**What to produce:**
Repeat verbatim each line from the line with "Anillo Zirconia Blanca Plata Ley 925" to the end of the entries. Pictures do not belong in the copy.

**Given information:**

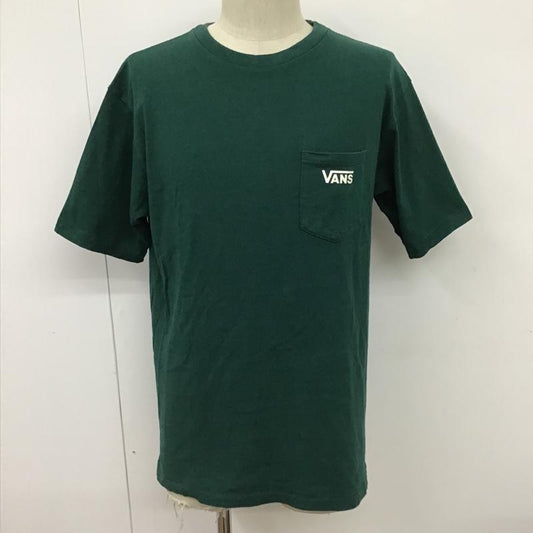 バンズ VANS Tシャツ 半袖 120K1010300 胸ポケット バックプリント M ロゴ、文字 緑 / グリーン /  メンズ USED 古着 中古 10097623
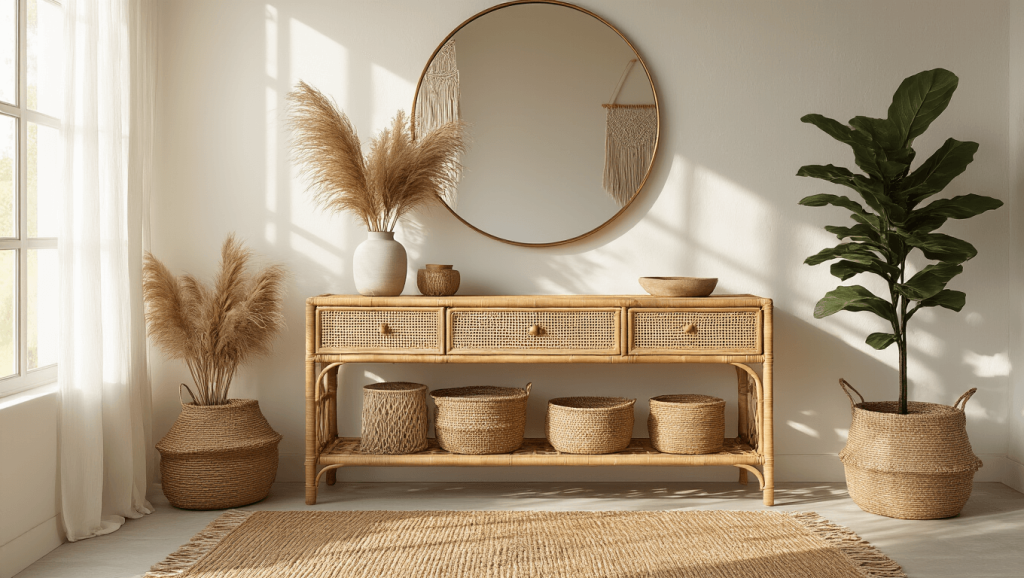 "Bohemian entryway with rattan console table, brass mirror, layered rugs, macramé wall hangings, woven baskets, and fiddle leaf fig in warm golden light."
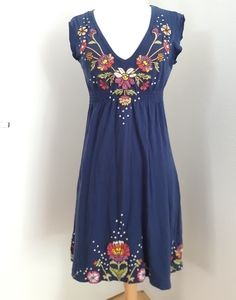 🦩Johnny Was Embroidered Jersey Dress Navy Small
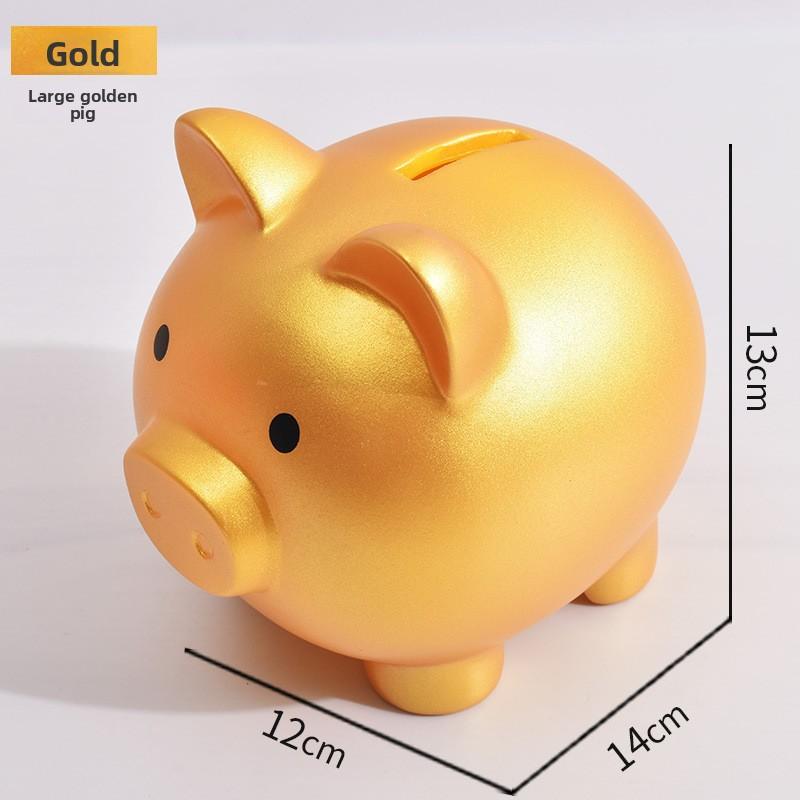 1pcs Shatterproof Golden Pig Coin Bank Rubber Piggy Bank Fortune Symbol for Kids Savings & Home Decoration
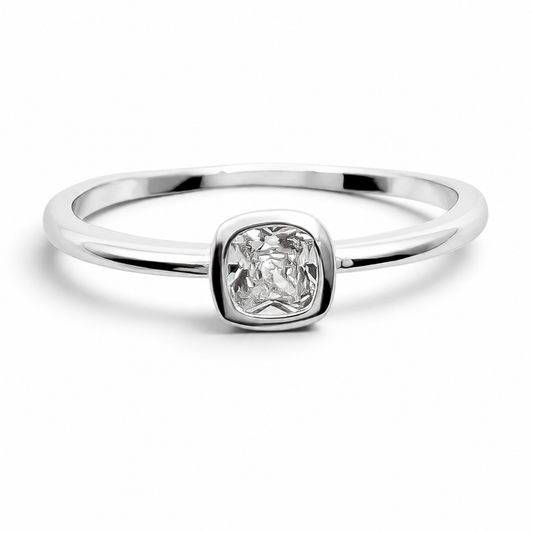 Anillo Zirconia Blanca Plata Ley 925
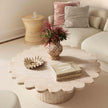 TOV Furniture Blossom Washed Faux Travertine Finish Indoor/Outdoor Round Coffee Table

**Exercise response:**
 Anillo Zirconia Blanca Plata Ley 925
 TOV Furniture Blossom Washed Faux Travertine Finish Indoor/Outdoor Round Coffee Table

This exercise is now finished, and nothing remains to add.